▸ **PROVIDED INFORMATION**:
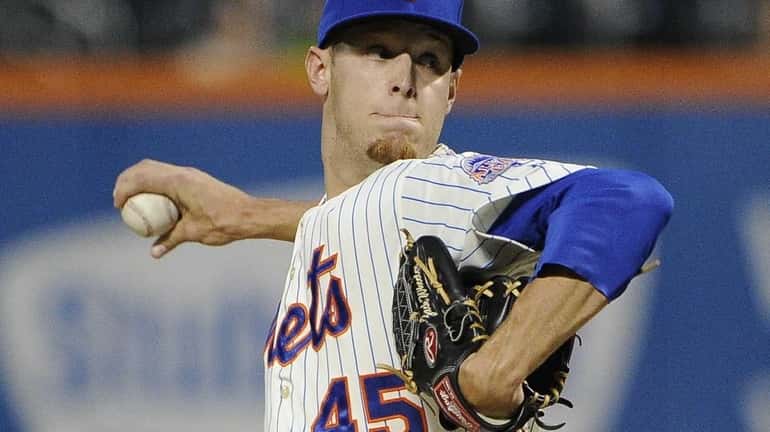 Zack Wheeler delivers a pitch during a game against the...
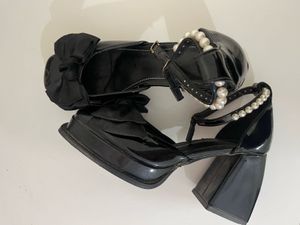 Elegant Black Bow &amp; Pearl Heels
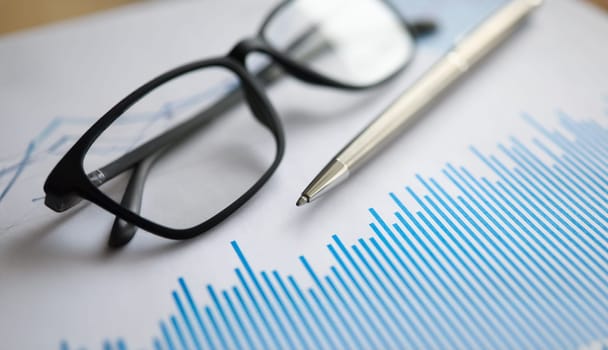 Silver pen with paper chart and glasses lie in office table closeup. Business education concept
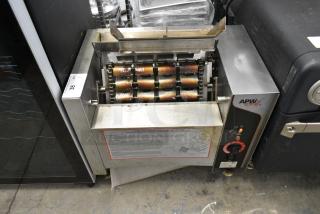 APW Wyott M2000 Stainless Steel Electric Countertop Bun Grill Conveyor Toaster. 208 Volts, 1 Phase.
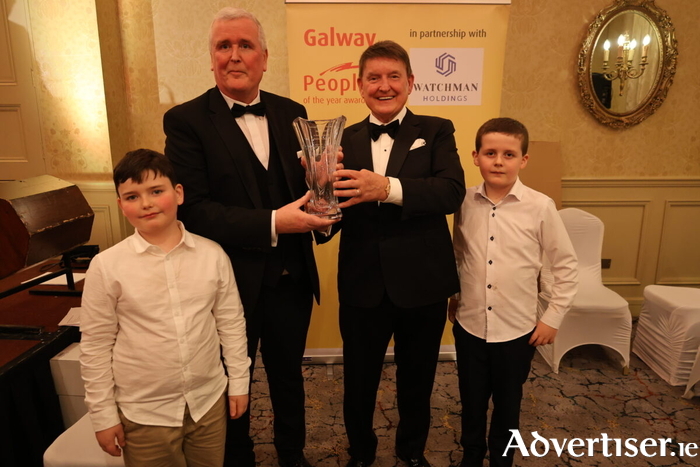 Galway Person of the Year award winner Donal Lynch with his grandsons Caolin and Evan, being presented with his award by Basil Holian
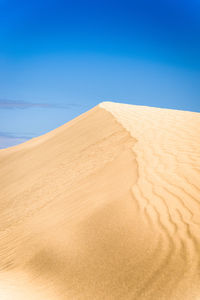 Sand dunes in desert against clear blue sky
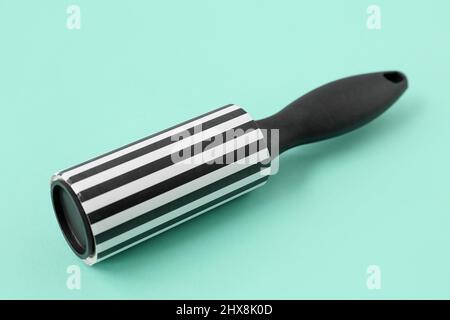 New lint roller on color background Stock Photo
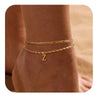 Primer plano de una pulsera y un tobillera de adorno dorado en la muñeca de una persona.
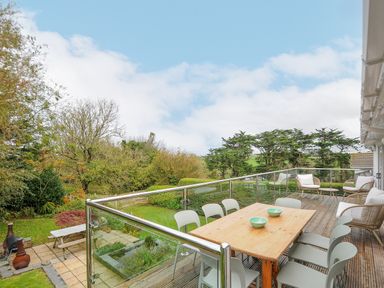 An outdoor deck with a wooden table surrounded by chairs and lounge chairs with cushions overlooking a garden at Seamay in Polzeath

▸ **DIRECTIONS**:
Please give an exact printout of all the records, pictures aside.

▸ **RESPONSE BELOW**:
 Zack Wheeler delivers a pitch during a game against the...
 Elegant Black Bow &amp; Pearl Heels
 Silver pen with paper chart and glasses lie in office table closeup. Business education concept
 APW Wyott M2000 Stainless Steel Electric Countertop Bun Grill Conveyor Toaster. 208 Volts, 1 Phase.
 Galway Person of the Year award winner Donal Lynch with his grandsons Caolin and Evan, being presented with his award by Basil Holian
 Sand dunes in desert against clear blue sky
 New lint roller on color background Stock Photo
 Primer plano de una pulsera y un tobillera de adorno dorado en la muñeca de una persona.
 An outdoor deck with a wooden table surrounded by chairs and lounge chairs with cushions overlooking a garden at Seamay in Polzeath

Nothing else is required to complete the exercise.